Task instructions
Each record below must be reproduced exactly as it reads, with its images omitted.

Information provided
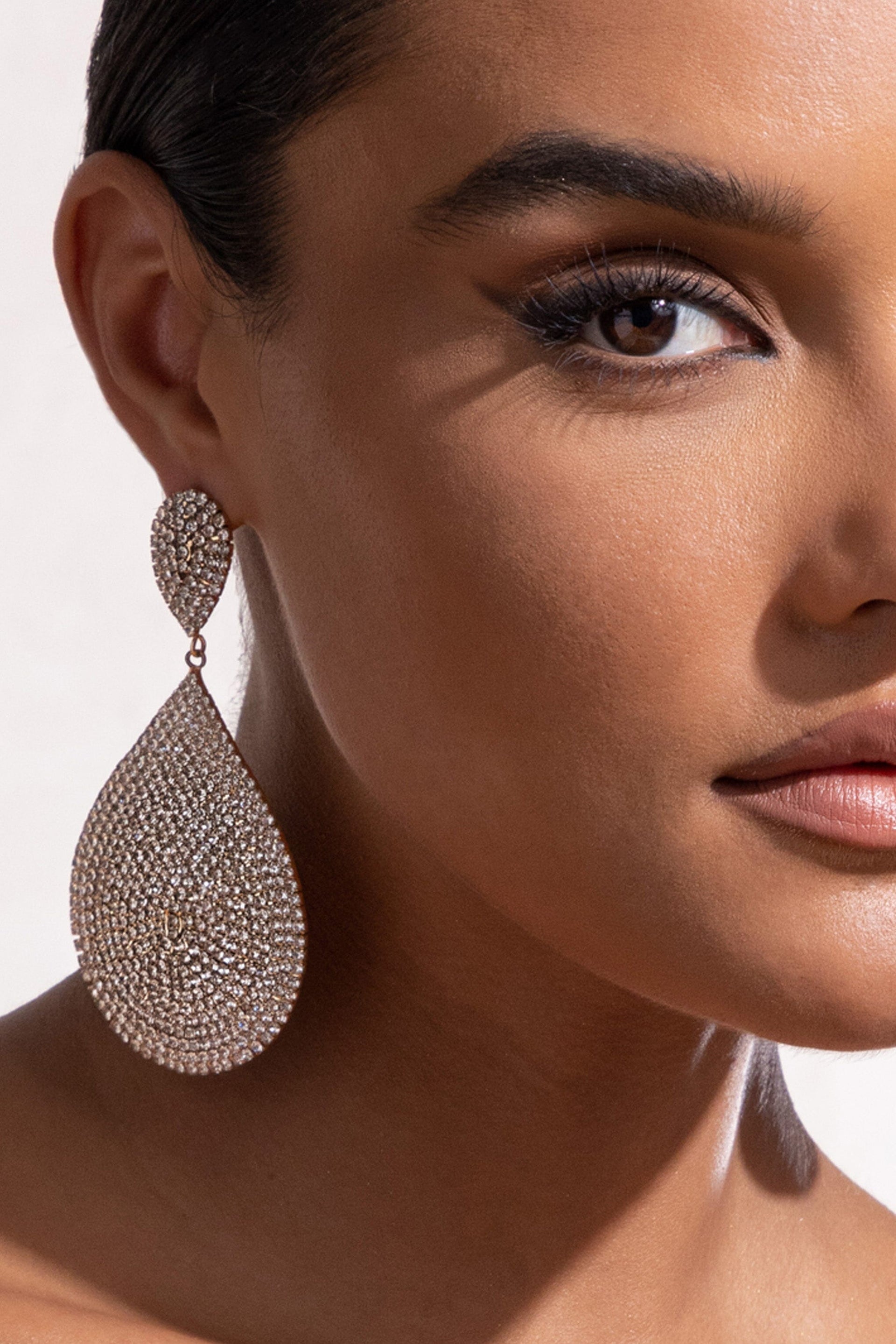 GOLD DIAMANTE STATEMENT TEARDROP EARRINGS JEWELLERY styleofcb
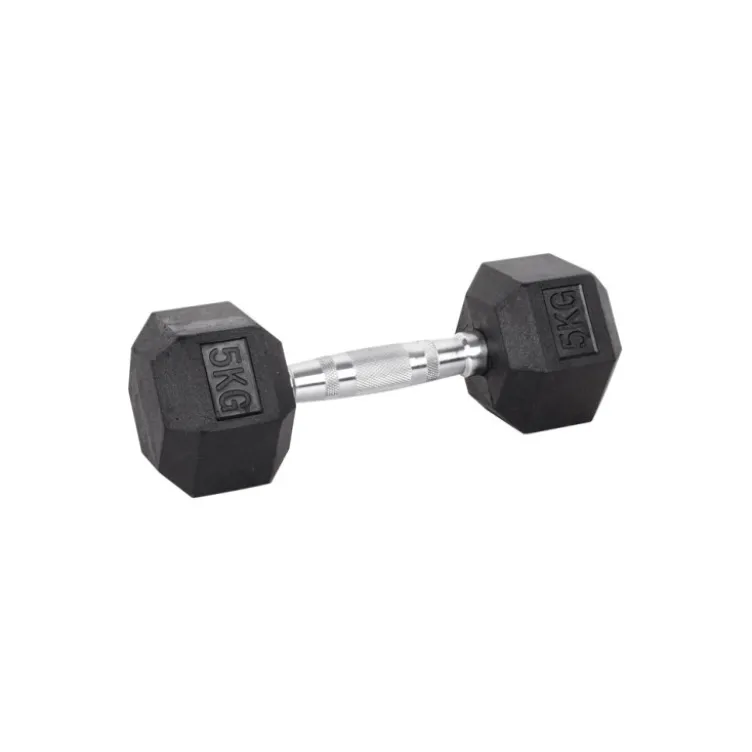 Haltère de musculation hexagonal en caoutchouc à l'unité de 3 kg à 40 kg pour entraînement complet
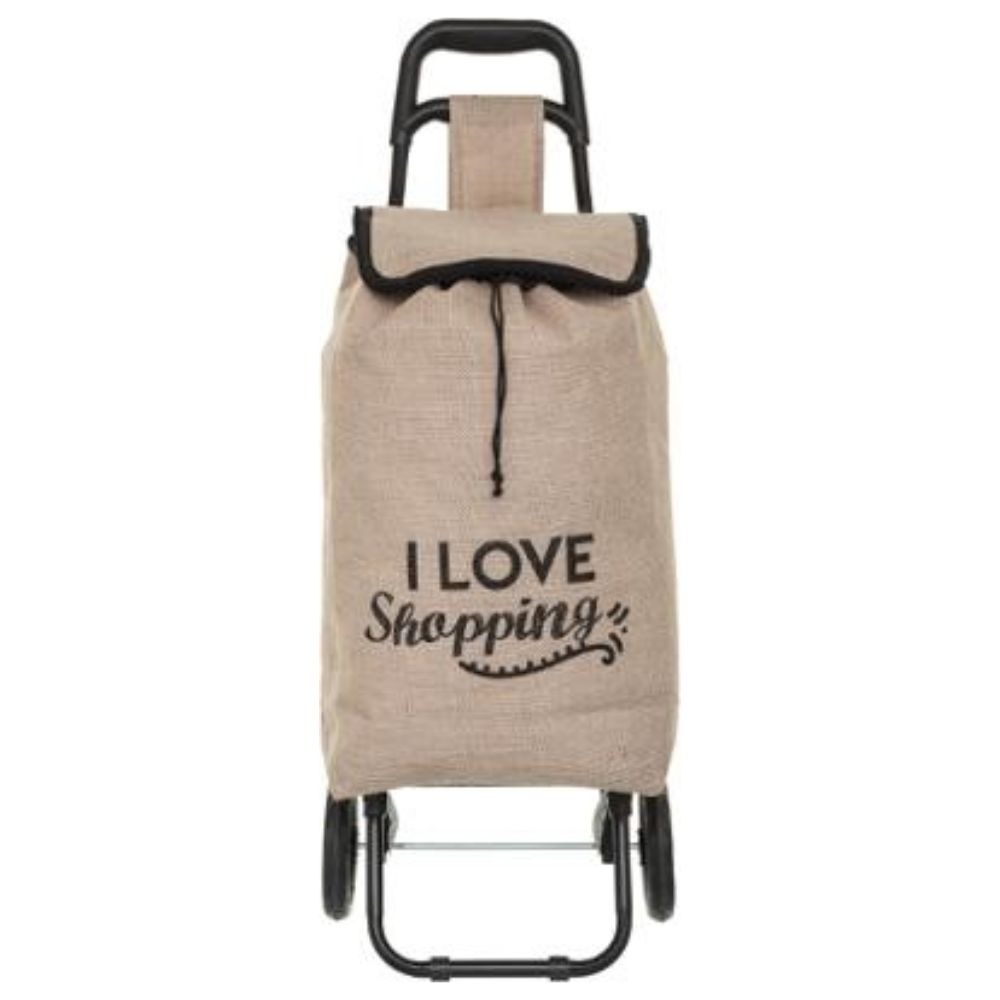 Chariot Shopping Jute Pastora Beige et Noir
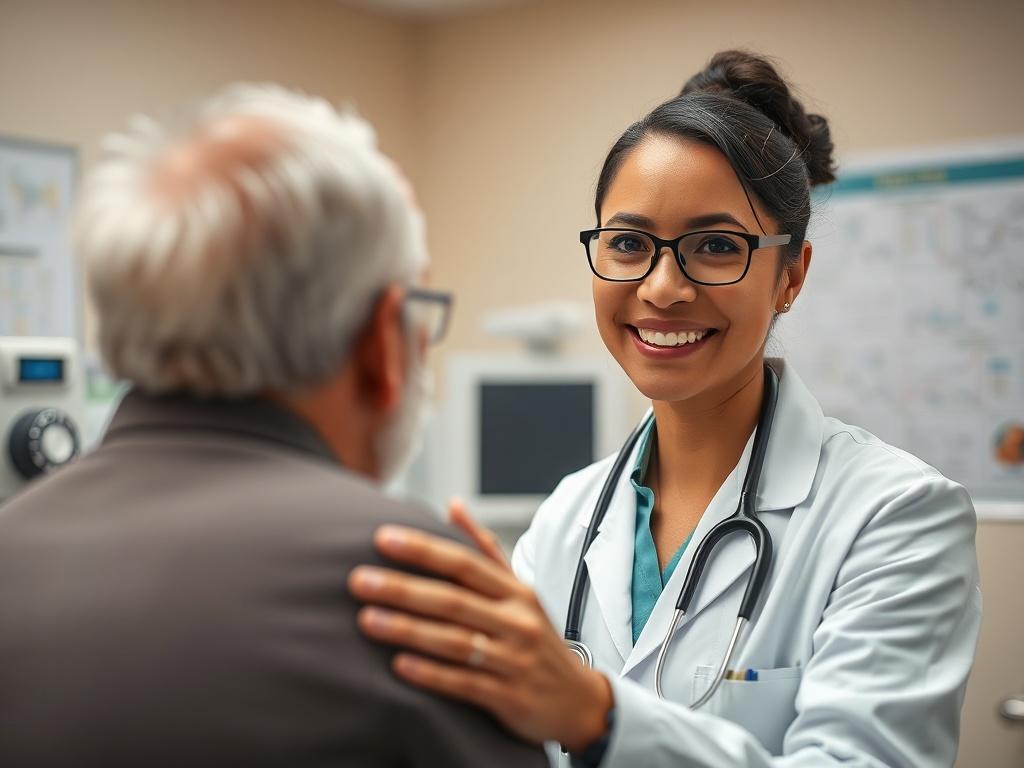 A close-up shot of a healthcare professional in a white coat, confidently examining a patient in a clinical setting. The background features medical equipment and charts, creating a professional and reassuring atmosphere. The subject is smiling, showcasing compassion and expertise. The lighting is bright and inviting, emphasizing the seriousness and dedication of healthcare work, with a focus on the primary color #062767.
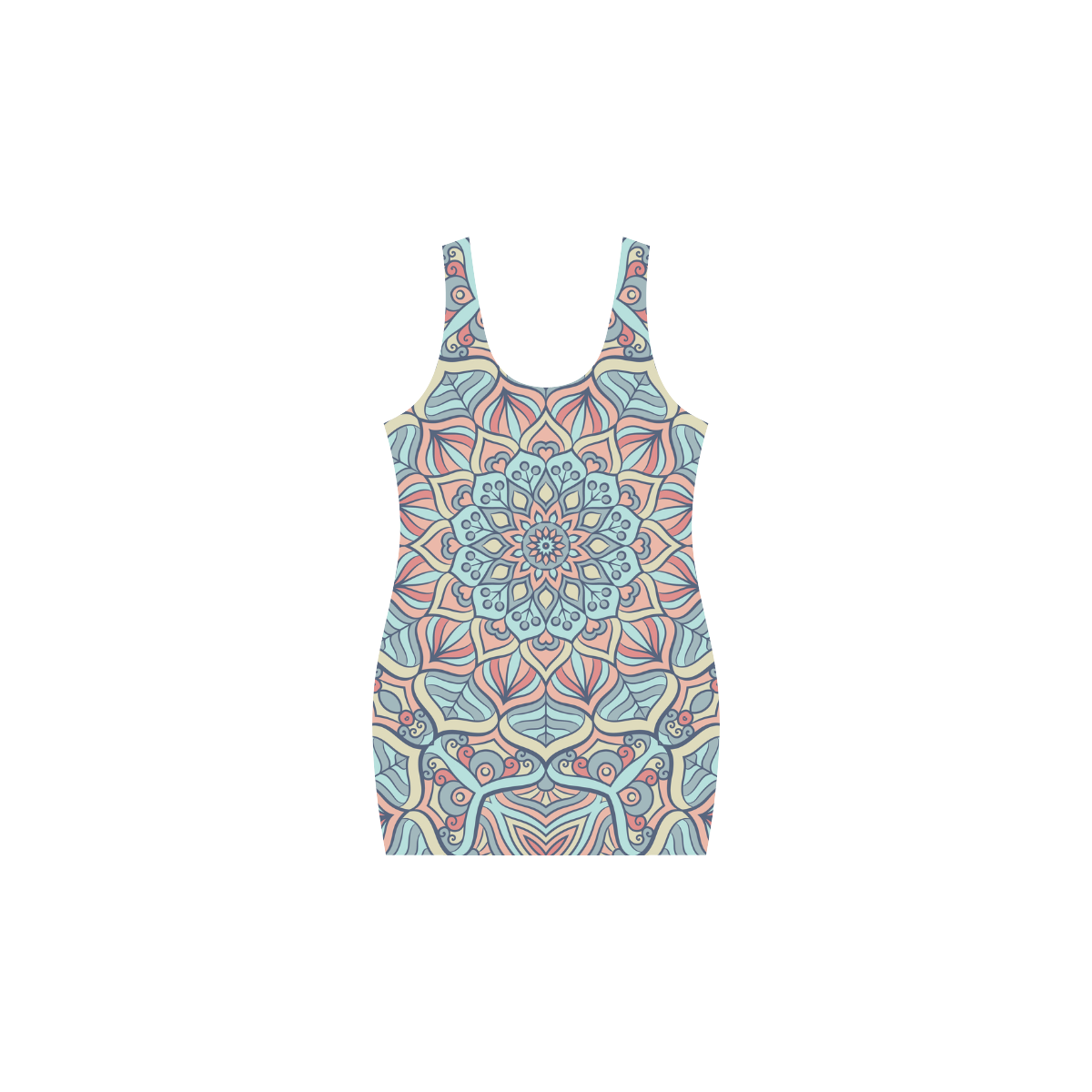 Beautiful Mandala Design Medea Vest Dress (Model D06)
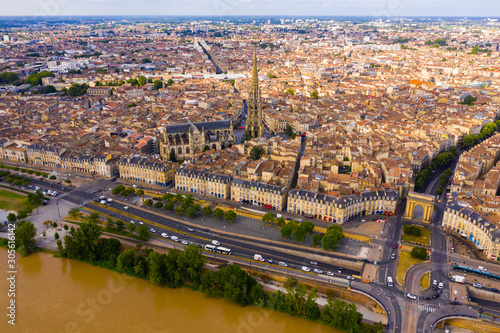Aerial view of Bordeaux cityscape photo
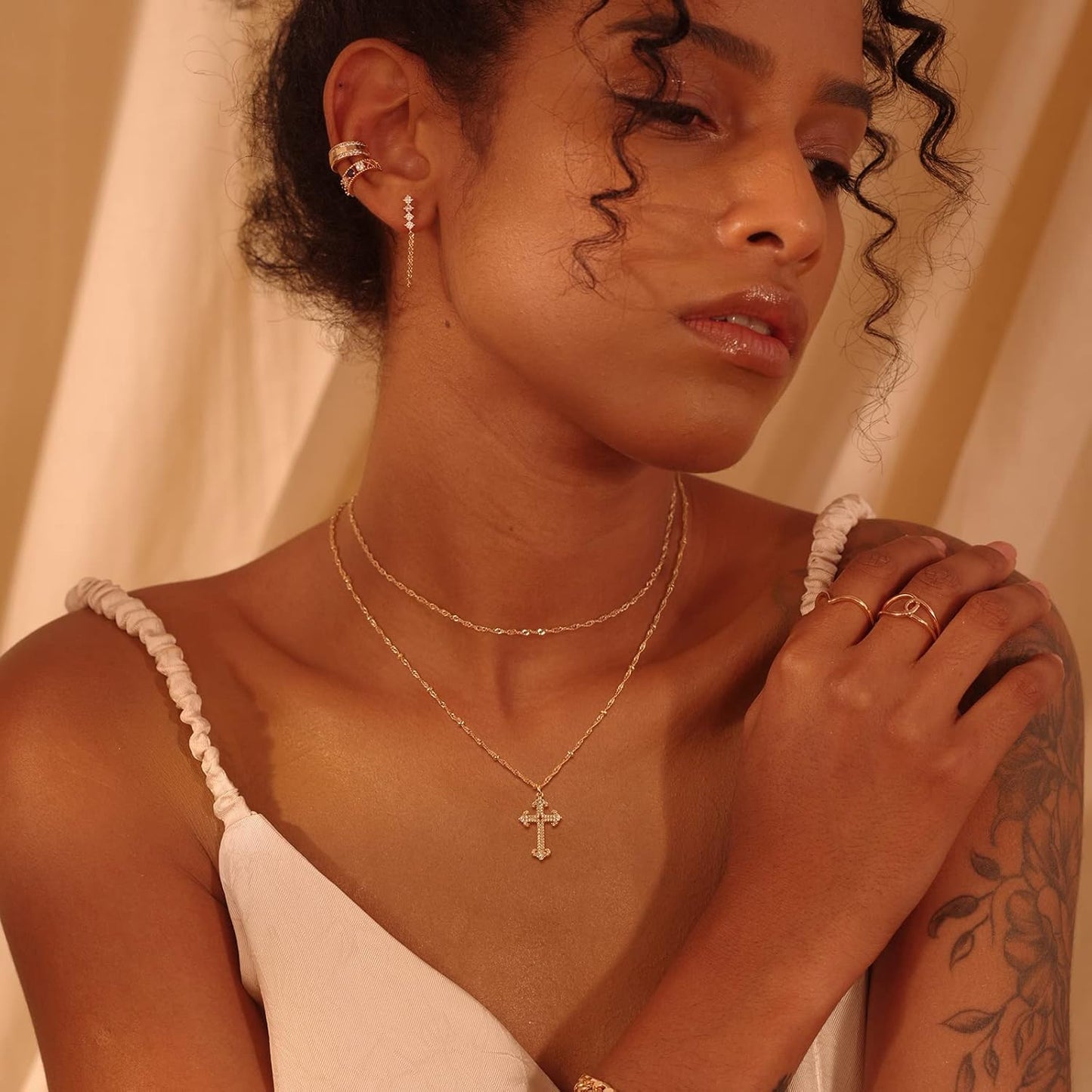 Cross Necklace 14K Plated Dainty Chain, Minimalist Faith Pendant Religious Prayer Jewelry Gift
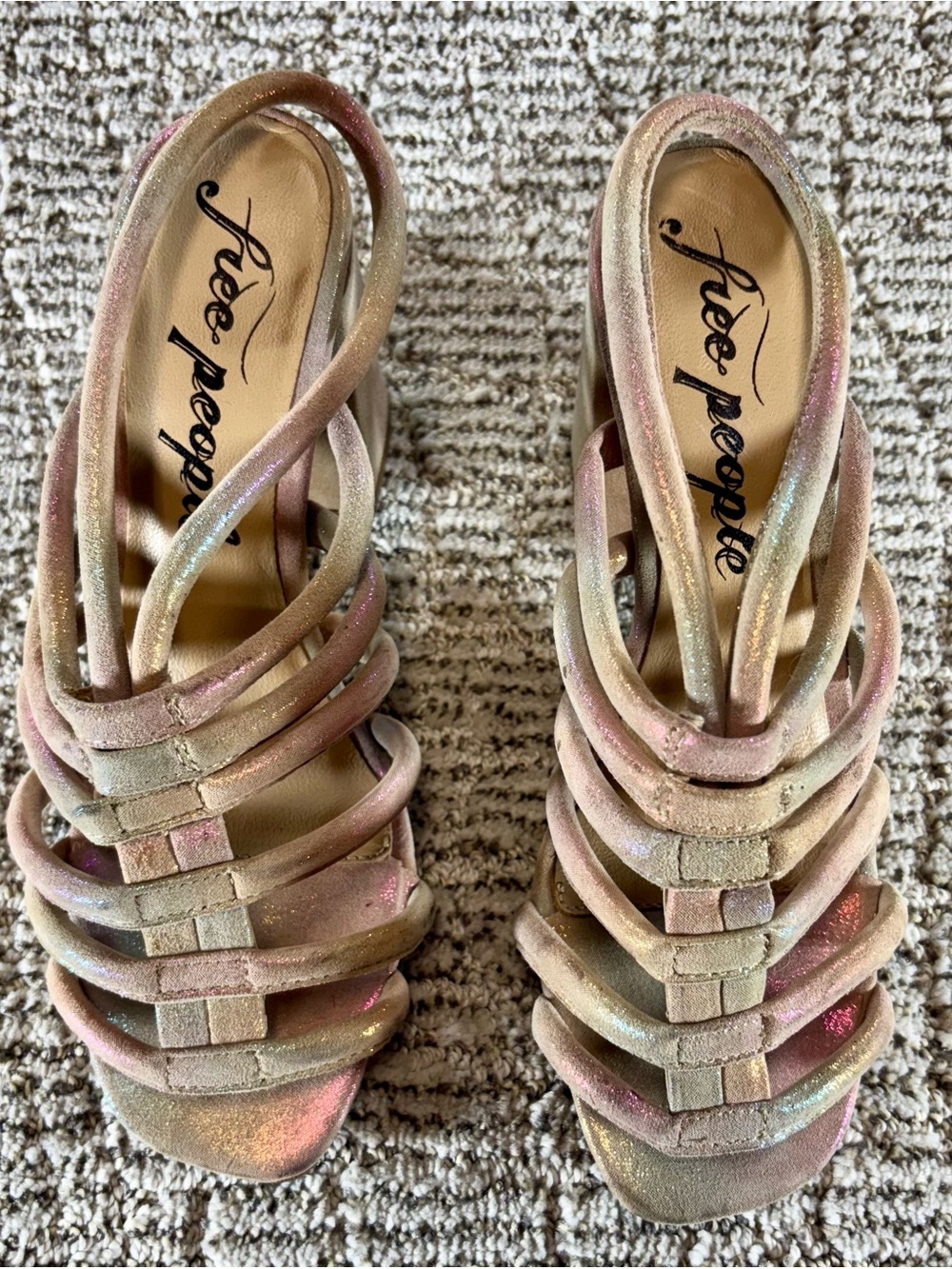 NEW Free People Women’s Size 36 (US 5.5) Rainbow Metallic Colette Cinched Heel - Picture 4 of 15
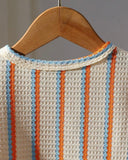Boys Orange Waffle Stripe 2pcs Summer Set – T-Shirt & Shorts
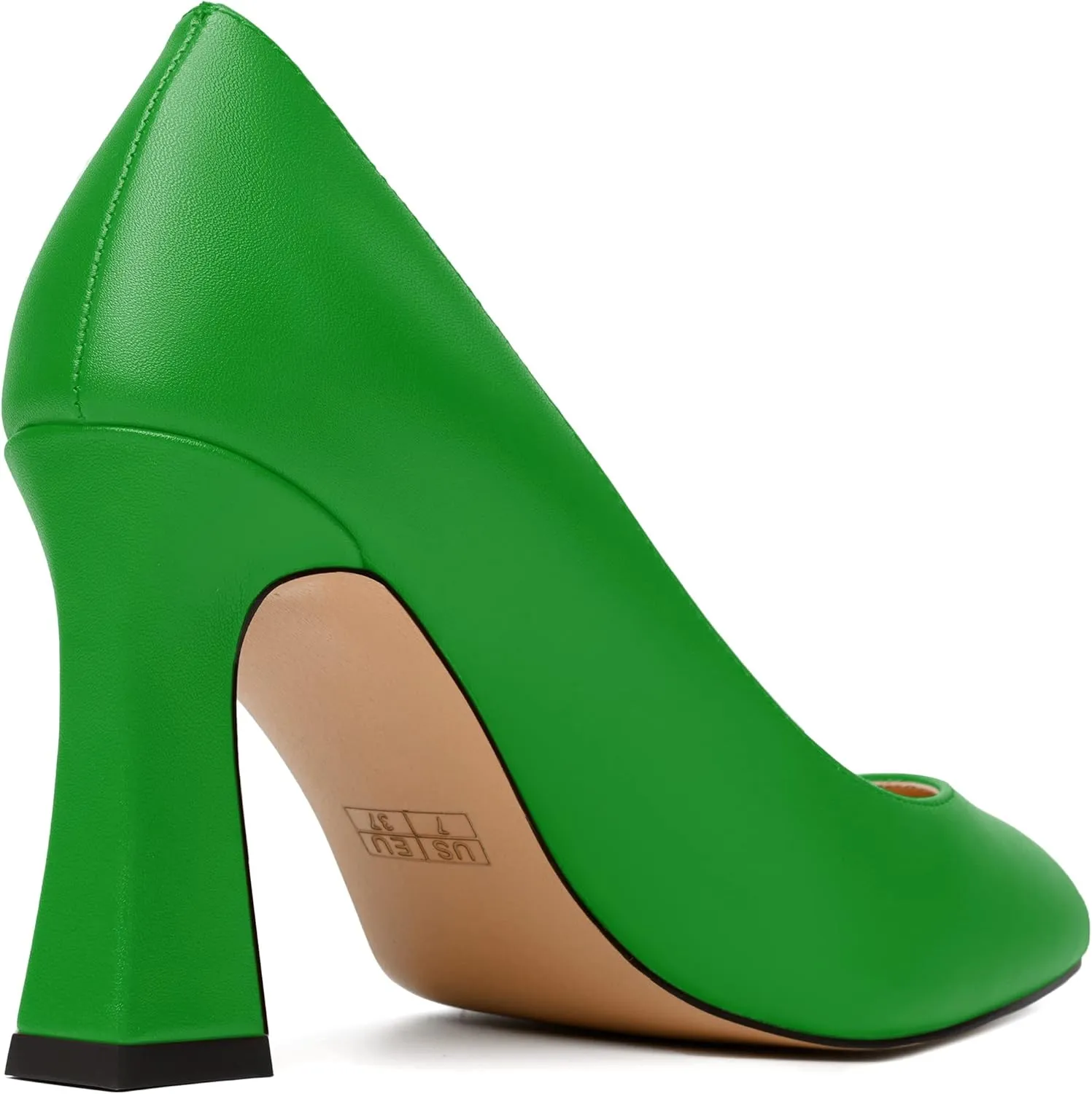 MERRORI Women's High Chunky Heels Dress Slip On Closed Toe Pointed Toe Evening Matte Heel Pumps Shoes 3.3 Inch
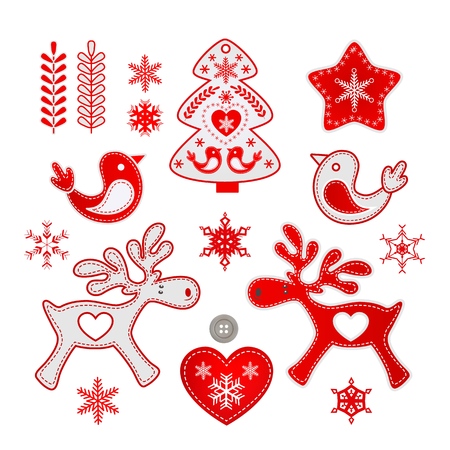 Red and white Christmas Scandinavian handmade decorations with Nordic patterns, Vector illustration isolated on whiteのイラスト素材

Task response
 GOLD DIAMANTE STATEMENT TEARDROP EARRINGS JEWELLERY styleofcb
 Haltère de musculation hexagonal en caoutchouc à l'unité de 3 kg à 40 kg pour entraînement complet
 Chariot Shopping Jute Pastora Beige et Noir
 A close-up shot of a healthcare professional in a white coat, confidently examining a patient in a clinical setting. The background features medical equipment and charts, creating a professional and reassuring atmosphere. The subject is smiling, showcasing compassion and expertise. The lighting is bright and inviting, emphasizing the seriousness and dedication of healthcare work, with a focus on the primary color #062767.
 Beautiful Mandala Design Medea Vest Dress (Model D06)
Aerial view of Bordeaux cityscape photo
 Cross Necklace 14K Plated Dainty Chain, Minimalist Faith Pendant Religious Prayer Jewelry Gift
 NEW Free People Women’s Size 36 (US 5.5) Rainbow Metallic Colette Cinched Heel - Picture 4 of 15
Boys Orange Waffle Stripe 2pcs Summer Set – T-Shirt & Shorts
 MERRORI Women's High Chunky Heels Dress Slip On Closed Toe Pointed Toe Evening Matte Heel Pumps Shoes 3.3 Inch
 Red and white Christmas Scandinavian handmade decorations with Nordic patterns, Vector illustration isolated on whiteのイラスト素材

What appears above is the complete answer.